You can now view the job metrics directly from the SageMaker console.  

login to the [SageMaker console](https://console.aws.amazon.com/sagemaker/home) choose the latest training job, scroll down to the monitor section.  
Using CloudWatch metrics, you can change the period and configure the statistics

Find the metrics using the following cell:

In [None]:
from IPython.core.display import Markdown

link = 'https://console.aws.amazon.com/cloudwatch/home?region='+sagemaker_session.boto_region_name+'#metricsV2:query=%7B/aws/sagemaker/TrainingJobs,TrainingJobName%7D%20'+estimator.latest_training_job.job_name
display(Markdown('CloudWatch metrics: [link]('+link+')'))
display(Markdown('After you choose a metric, change the period to 1 Minute (Graphed Metrics -> Period)'))

## Monitor with TensorBoard
TensorBoard provides the visualization and tooling needed for machine learning experimentation:
* Tracking and visualizing metrics such as loss and accuracy
* Visualizing the model graph (ops and layers)
* Viewing histograms of weights, biases, or other tensors as they change over time
* Projecting embeddings to a lower dimensional space
* Displaying images, text, and audio data
* And much more

In the next section we'll update the script to save TensorBoard logs.  
We'll be able to use TensorBoard for monitoring our jobs in real time.  
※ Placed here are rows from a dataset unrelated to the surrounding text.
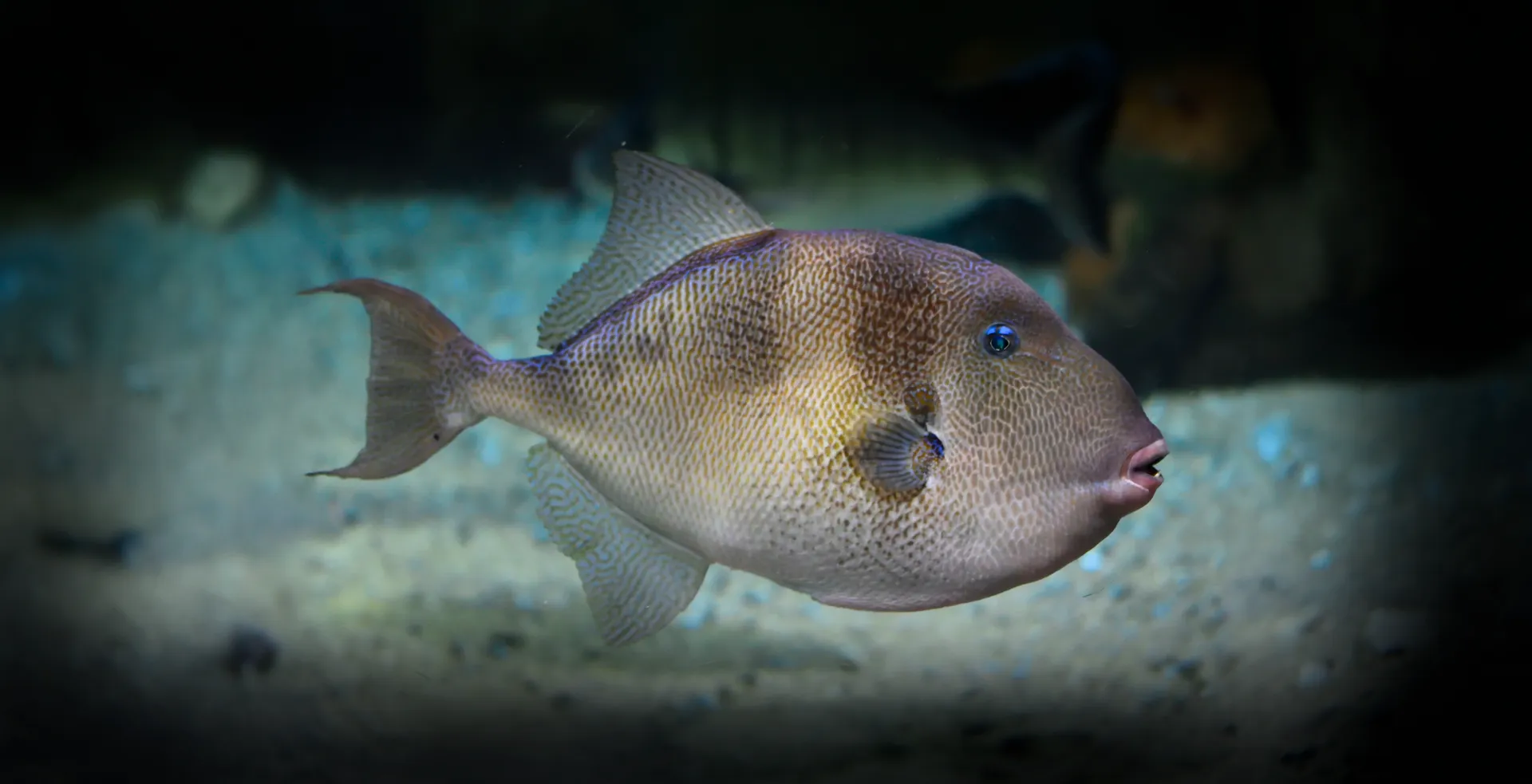 Imagem de fundo de Peixe Porco - Poytara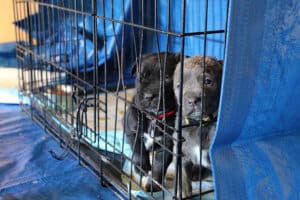 Parvo Puppies_red and yellow collared Puppies in Blue Room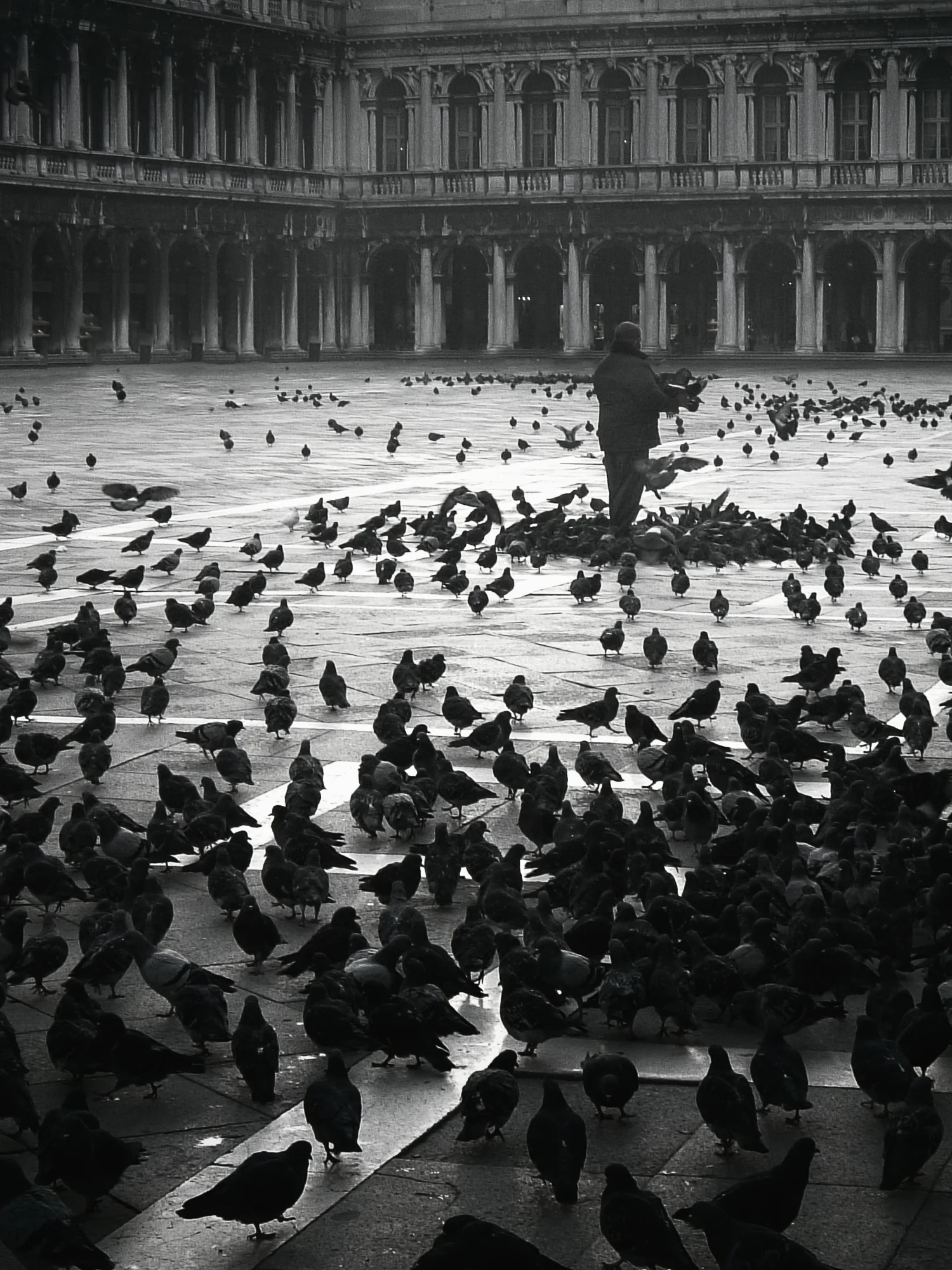A few of the pigeons of the Piazza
Update your cifar10-keras-sm.py script to send logs to TensorBoard.  
Add the `from keras.callbacks import TensorBoard` import.

Keras will send TensorBoard logs in each batch. sending the logs to S3 will slow down the training job, change the TensorBoard callback to send the logs only at the end of an epoch.

Add the TensorBoard callback to your script (add this line after the ModelCheckpoint callback)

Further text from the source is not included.